La critica più frequente rivolta ai White Stripes è che suonano come tanti altri gruppi che ripercorrono le radici della musica americana con impeto e irruenza. E se è vero che i due hanno nell’energia con cui interpretano i loro pezzi una qualità imprescindibile, la differenza tra loro e gli altri non la fanno solo la grafica accattivante e le chiacchiere su quali siano in realtà i rapporti di parentela tra Jack e Meg White. La differenza tra loro e gli altri la fanno semplicemente le canzoni.
Anche nel nuovo “Elephant” il punto di forza sta lì, nella scrittura dei brani. Lo si nota soprattutto quando emerge il lato più sensibile dei White Stripes, in “You’ve Got Her in Your Pocket”, una deliziosa ballata costruita sulle chitarre acustiche, e nelle splendide tracce di melodia soul che affiorano da “I Want to Be the Boy to Warm Your Mother’s”. O ancora dall’incidere sinuoso, quasi jazz, di “In the Cold, Cold Night”, a cui occorrono giusto una chitarra, un organo e la voce di Meg White per suonare terribilmente fascinosa.

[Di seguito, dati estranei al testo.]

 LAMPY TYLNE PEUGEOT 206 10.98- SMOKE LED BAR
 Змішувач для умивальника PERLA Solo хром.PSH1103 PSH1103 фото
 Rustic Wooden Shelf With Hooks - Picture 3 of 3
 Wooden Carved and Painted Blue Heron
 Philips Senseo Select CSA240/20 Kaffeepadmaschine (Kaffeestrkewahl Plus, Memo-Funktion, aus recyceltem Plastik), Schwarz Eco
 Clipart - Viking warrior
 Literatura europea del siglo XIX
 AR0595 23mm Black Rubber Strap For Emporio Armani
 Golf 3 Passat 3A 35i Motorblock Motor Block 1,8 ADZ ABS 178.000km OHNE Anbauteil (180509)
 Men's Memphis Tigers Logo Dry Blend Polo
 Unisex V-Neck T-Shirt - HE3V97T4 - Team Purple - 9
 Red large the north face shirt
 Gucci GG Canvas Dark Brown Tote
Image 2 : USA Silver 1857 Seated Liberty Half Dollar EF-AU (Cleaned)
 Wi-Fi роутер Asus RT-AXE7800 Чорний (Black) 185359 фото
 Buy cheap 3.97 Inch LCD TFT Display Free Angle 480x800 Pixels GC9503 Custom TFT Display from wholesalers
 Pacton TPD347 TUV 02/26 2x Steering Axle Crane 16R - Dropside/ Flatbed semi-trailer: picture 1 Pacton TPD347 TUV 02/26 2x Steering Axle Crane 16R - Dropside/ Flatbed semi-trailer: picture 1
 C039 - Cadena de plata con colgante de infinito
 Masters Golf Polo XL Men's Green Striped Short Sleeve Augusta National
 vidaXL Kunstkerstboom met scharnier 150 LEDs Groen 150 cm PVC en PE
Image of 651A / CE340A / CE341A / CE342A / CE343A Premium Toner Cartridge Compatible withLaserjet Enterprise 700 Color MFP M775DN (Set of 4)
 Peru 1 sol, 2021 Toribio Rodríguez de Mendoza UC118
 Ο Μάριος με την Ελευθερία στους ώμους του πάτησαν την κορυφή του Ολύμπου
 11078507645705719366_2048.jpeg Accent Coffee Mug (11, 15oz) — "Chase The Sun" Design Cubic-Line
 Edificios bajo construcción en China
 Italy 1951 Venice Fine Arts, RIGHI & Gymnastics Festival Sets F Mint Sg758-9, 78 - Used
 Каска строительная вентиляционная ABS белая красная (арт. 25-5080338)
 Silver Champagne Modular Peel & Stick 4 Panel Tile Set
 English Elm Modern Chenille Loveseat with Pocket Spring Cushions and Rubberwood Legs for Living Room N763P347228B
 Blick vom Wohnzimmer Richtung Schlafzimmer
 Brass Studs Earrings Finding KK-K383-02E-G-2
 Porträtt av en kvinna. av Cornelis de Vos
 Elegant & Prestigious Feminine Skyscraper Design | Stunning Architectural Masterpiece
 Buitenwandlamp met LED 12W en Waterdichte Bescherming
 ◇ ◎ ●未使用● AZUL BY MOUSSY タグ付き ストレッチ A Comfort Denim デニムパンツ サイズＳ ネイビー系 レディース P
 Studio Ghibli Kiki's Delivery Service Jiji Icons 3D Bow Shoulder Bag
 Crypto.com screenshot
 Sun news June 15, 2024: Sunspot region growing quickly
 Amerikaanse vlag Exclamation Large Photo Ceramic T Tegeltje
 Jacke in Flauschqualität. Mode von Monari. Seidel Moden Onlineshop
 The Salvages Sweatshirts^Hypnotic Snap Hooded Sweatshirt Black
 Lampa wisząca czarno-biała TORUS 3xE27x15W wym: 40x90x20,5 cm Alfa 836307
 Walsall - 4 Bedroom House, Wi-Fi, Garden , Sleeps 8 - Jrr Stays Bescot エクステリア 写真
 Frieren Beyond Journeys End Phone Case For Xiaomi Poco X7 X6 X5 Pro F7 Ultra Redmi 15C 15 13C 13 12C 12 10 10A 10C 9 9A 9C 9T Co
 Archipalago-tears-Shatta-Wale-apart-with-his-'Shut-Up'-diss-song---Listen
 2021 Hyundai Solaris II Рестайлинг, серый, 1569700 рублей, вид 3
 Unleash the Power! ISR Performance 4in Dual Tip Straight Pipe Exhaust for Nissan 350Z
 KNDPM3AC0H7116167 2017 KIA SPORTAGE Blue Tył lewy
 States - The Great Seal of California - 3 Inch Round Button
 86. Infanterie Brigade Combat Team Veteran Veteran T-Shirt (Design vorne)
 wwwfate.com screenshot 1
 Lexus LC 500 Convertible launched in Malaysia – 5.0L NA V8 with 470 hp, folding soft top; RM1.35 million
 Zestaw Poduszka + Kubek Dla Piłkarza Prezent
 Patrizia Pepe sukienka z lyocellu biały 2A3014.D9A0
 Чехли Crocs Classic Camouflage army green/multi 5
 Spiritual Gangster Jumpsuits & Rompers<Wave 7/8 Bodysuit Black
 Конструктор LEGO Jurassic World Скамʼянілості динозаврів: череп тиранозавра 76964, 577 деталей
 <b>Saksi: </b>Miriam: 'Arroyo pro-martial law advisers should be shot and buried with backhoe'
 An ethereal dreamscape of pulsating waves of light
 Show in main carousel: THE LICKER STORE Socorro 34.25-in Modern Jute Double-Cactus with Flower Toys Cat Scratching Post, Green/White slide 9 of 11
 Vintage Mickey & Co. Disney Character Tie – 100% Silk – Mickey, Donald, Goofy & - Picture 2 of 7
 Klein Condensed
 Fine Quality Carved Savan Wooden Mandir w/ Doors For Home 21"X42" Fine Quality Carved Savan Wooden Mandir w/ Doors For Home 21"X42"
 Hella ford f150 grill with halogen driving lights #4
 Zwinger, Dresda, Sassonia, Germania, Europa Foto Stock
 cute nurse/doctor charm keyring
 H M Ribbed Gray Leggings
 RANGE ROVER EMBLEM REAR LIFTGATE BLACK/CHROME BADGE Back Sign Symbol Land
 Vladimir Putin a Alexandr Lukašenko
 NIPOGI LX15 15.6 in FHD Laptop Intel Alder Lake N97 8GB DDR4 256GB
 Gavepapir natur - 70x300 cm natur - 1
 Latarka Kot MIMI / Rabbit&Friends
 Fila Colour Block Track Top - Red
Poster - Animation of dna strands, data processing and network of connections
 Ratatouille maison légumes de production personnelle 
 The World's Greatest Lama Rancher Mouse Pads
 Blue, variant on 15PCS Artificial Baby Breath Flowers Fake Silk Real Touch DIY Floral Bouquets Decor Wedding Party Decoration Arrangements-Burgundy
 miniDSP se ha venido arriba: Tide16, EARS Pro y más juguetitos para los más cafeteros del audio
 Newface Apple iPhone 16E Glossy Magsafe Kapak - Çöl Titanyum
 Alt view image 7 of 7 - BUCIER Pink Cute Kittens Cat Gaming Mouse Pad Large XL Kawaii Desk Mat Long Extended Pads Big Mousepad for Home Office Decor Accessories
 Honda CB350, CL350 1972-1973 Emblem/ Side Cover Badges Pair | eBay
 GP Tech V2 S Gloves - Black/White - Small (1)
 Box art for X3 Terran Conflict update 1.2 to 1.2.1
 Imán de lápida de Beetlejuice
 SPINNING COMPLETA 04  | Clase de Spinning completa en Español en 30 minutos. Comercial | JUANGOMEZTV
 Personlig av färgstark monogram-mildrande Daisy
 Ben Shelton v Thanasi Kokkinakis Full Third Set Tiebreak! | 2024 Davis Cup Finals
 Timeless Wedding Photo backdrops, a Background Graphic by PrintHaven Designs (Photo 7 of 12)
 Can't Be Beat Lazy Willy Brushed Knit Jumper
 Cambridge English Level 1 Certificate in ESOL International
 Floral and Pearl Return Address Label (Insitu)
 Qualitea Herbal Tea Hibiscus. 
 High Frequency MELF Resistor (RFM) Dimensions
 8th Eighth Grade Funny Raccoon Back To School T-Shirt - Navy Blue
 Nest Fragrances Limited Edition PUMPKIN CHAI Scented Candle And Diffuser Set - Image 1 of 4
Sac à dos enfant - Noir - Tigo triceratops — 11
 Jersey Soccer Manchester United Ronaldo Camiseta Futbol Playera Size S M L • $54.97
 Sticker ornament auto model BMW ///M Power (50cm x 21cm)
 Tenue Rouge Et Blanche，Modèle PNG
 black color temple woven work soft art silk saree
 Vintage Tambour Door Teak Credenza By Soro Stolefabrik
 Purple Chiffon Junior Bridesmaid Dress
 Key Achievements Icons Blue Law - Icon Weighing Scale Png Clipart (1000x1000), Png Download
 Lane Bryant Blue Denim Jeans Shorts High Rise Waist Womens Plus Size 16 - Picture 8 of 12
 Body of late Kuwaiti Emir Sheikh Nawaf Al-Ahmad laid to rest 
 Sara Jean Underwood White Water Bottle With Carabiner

Per il resto “Elephant” è un disco che non lascia respiro, tanto è suonato con energia, zeppo di brani affilati, scritti con un’incisività formidabile. E’ proprio come “Seven Nation Army”, ritmica secca senza nessun orpello e tanta energia, e la sferzata vigorosa di “Black Math”, messe in apertura del nuovo lavoro giusto per far capire che aria tira. E’ come il sinuoso incedere blues di “Ball and Biscuit”, il brano più dilatato del disco, o come “Hypnotize”, melodia irresistibile e irruenza punk come una nuova “Fell In Love With a Girl”.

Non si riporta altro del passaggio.